[2.2] XLA requires 2x GPU memory with sparse_categorical_crossentropy #38675

lgeiger · 2020-04-18T22:21:38Z

System information

Have I written custom code (as opposed to using a stock example script provided in TensorFlow): Yes
OS Platform and Distribution (e.g., Linux Ubuntu 16.04): Ubuntu 18.04
TensorFlow installed from (source or binary): binary
TensorFlow version (use command below): 2.1.0, 2.2.0rc3 and tf-nightly
Python version: 3.7
CUDA/cuDNN version: 10.1 / 7.6.5.32
GPU model and memory: 4 x NVIDIA V100 on GCP

Describe the current behavior

I am currently trying to upgrade from TensorFlow 2.0.0 to 2.2.0rc3 and noticed a regression related to model training using XLA in a multi-GPU environment (GCP VM with 4 NVIDIA V100s).

The training code linked below runs comfortably with a huge batch size of 3072 on 4 GPUs using the normal TensorFlow runtime.
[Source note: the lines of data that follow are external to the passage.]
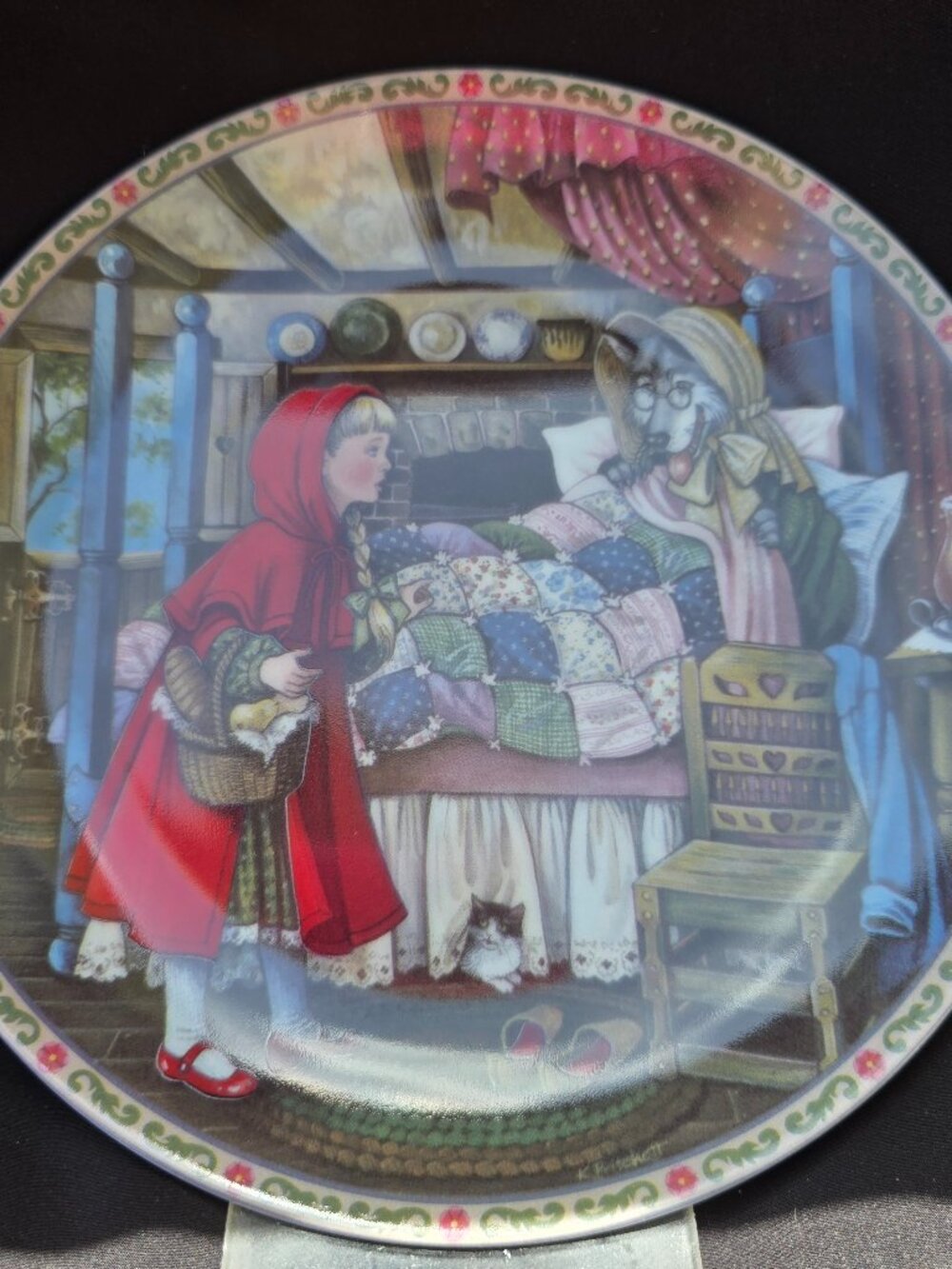 1988 Knowles “Little Red Riding Hood” Plate • Scott Gustafson • Grimm Fairy Tale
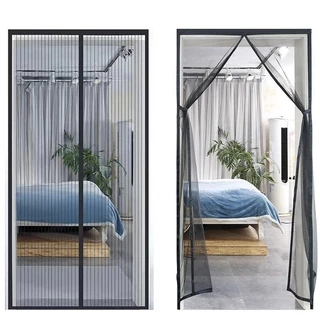 Tirai Pintu Magnet Anti Nyamuk Otomatis Tertutup Jauhi Nyamuk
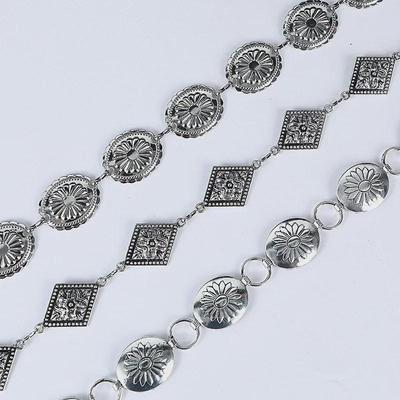 Γυναικεία Εθνική Σκαλιστή Μεταλλική Αλυσίδα Μέσης & Ζώνη Φορέματος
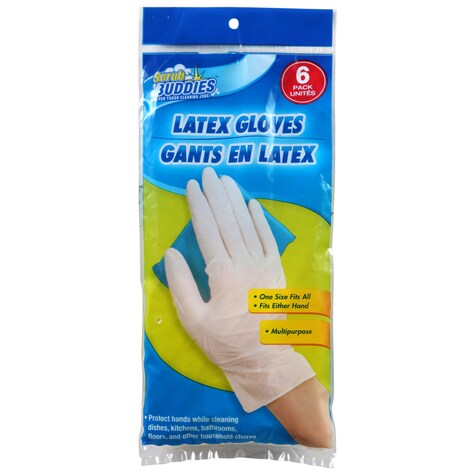View Scrub Buddies Latex Gloves, 6ct.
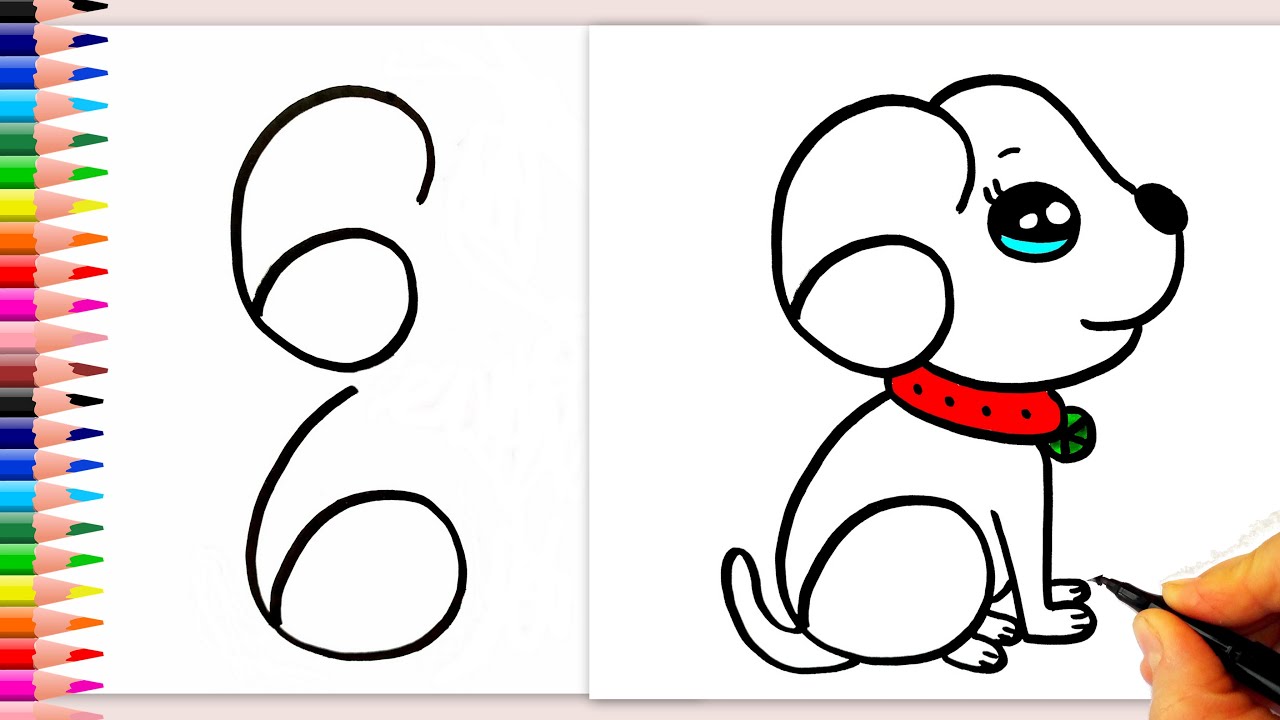 66'dan Çok Kolay Sevimli Köpek Çizimi - How To Draw a Cute Dog Very Easy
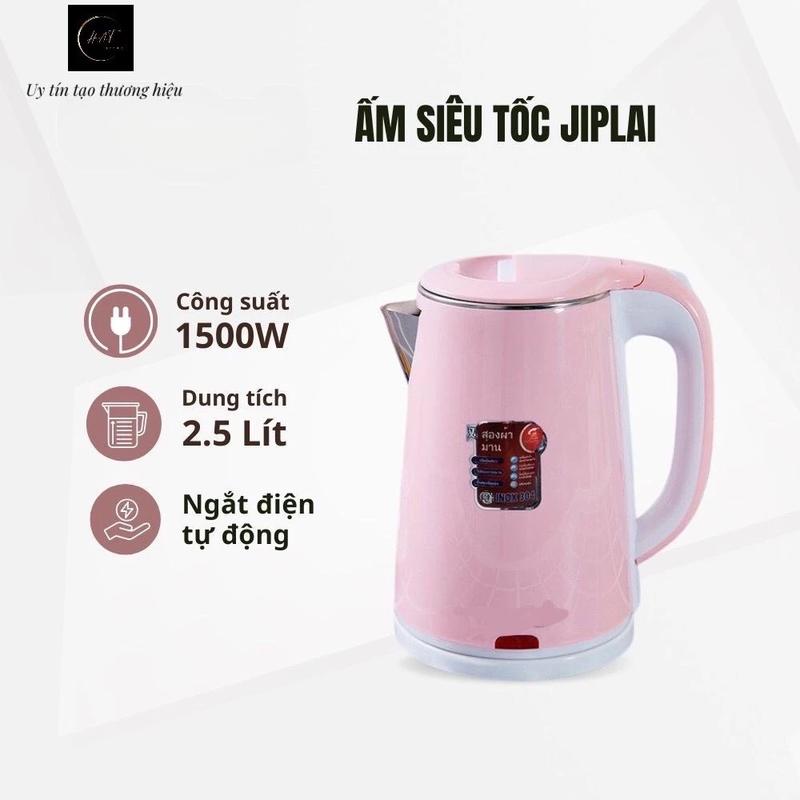 ￼Ấm Siêu Tốc JipLai Thái Lan 2.5L - Ấm Siêu Tốc Thái Công Nghệ Inverter Chống Nóng, Chống Giật,  Bình Đun Nước Siêu Tốc Inox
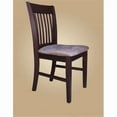 thumbnail image 1 of Norfolk Chair Upholstered Seat -Mahogany Finish., Mahogany - Pack of 2, 1 of 1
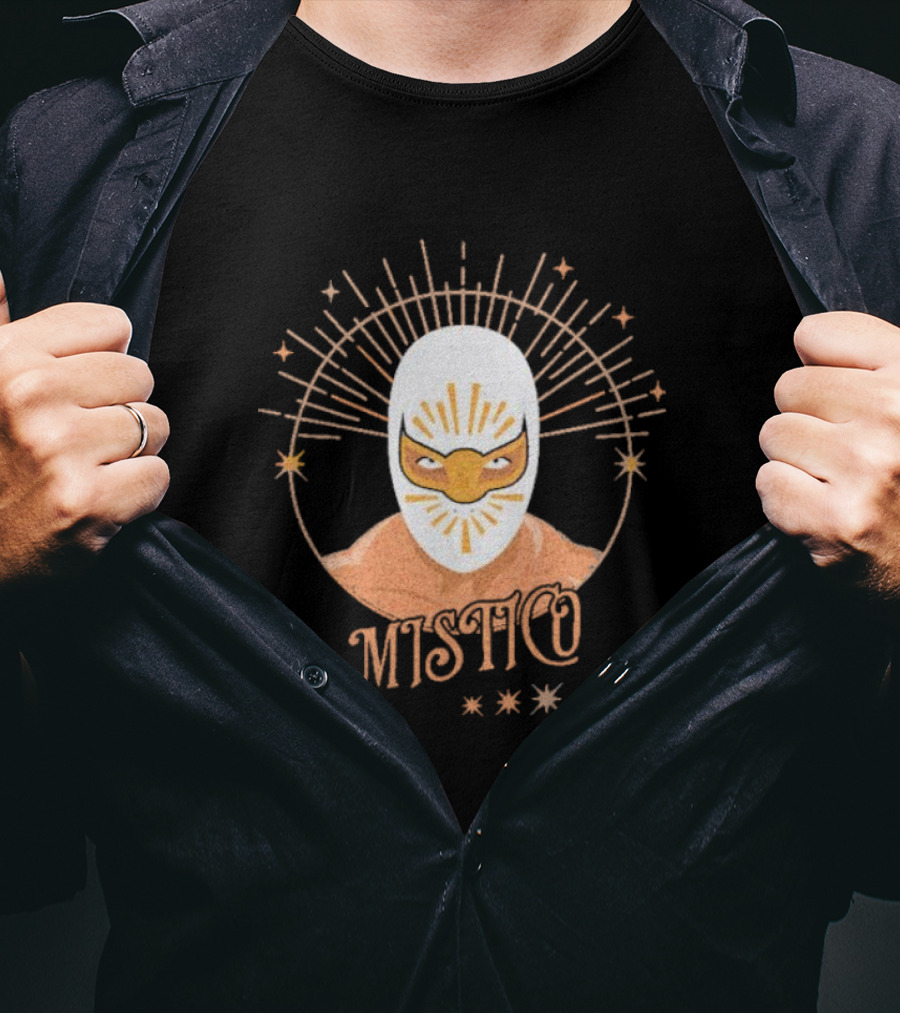 Mistico Est 1998 Wrestling Iconic Masked Starburst T-Shirt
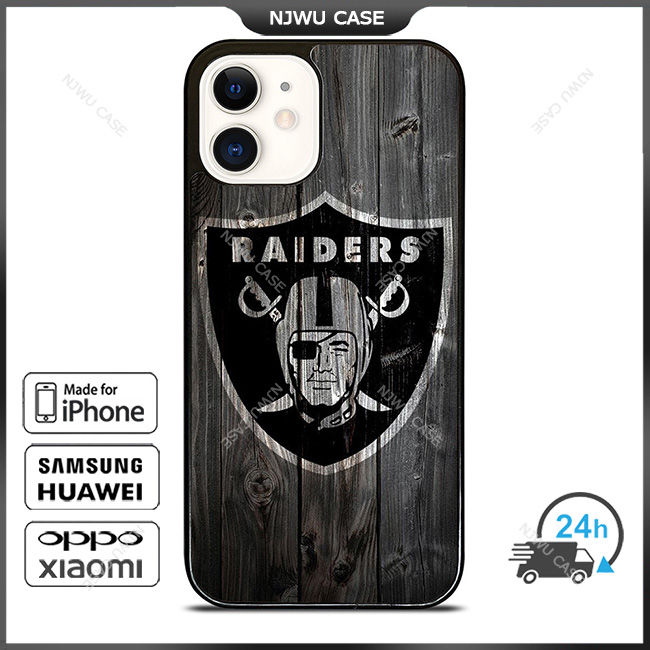 oakland-riders-wood-phone-case-for-iphone-14-pro-max-iphone-13-pro-max-iphone-12-pro-max-xs-max-samsung-galaxy-note-10-plus-s22-ultra-s21-plus-anti-fall-protective-case-cover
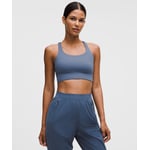 Track Stock of lululemon Energy Longline Bra *Medium Support, B-D Cups - Blue Twill - 10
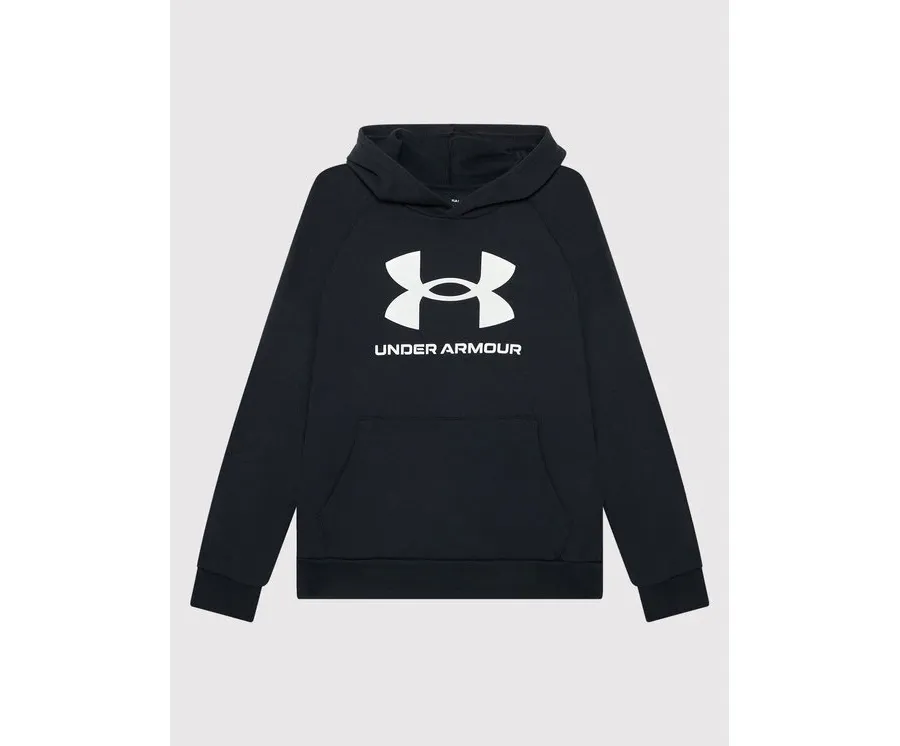 obrazek 1 Under Armour Bluza Ua Rival Fleece Big Logo 1357585 Czarny Loose Fit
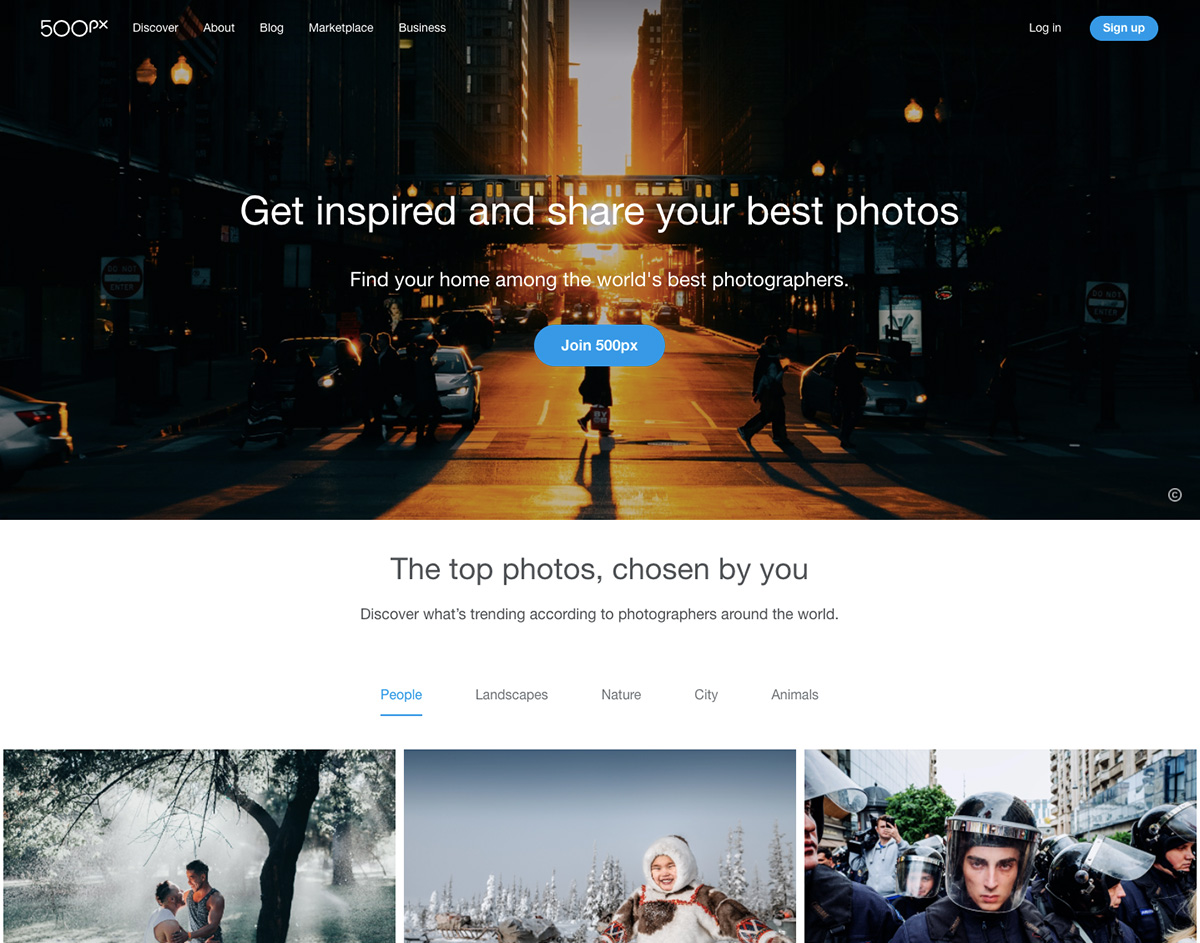 500px screenshot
However when enabling XLA with TF_XLA_FLAGS=--tf_xla_auto_jit=2 the same code runs out of GPU memory on the first batch of data. With XLA I can only use a maximum batch size of 1536 (50%) to prevent the code from running out of memory which doesn't seem right.

In which cases are the memory requirements of XLA and the default runtime similar?
To narrow down the possible causes for this I found a few cases where the maximum batch size for XLA and the normal runtime are the same:

TensorFlow 2.0.0 doesn't seem to show this issue.
Removing .prefetch(1) from the datapipline fixes the issue.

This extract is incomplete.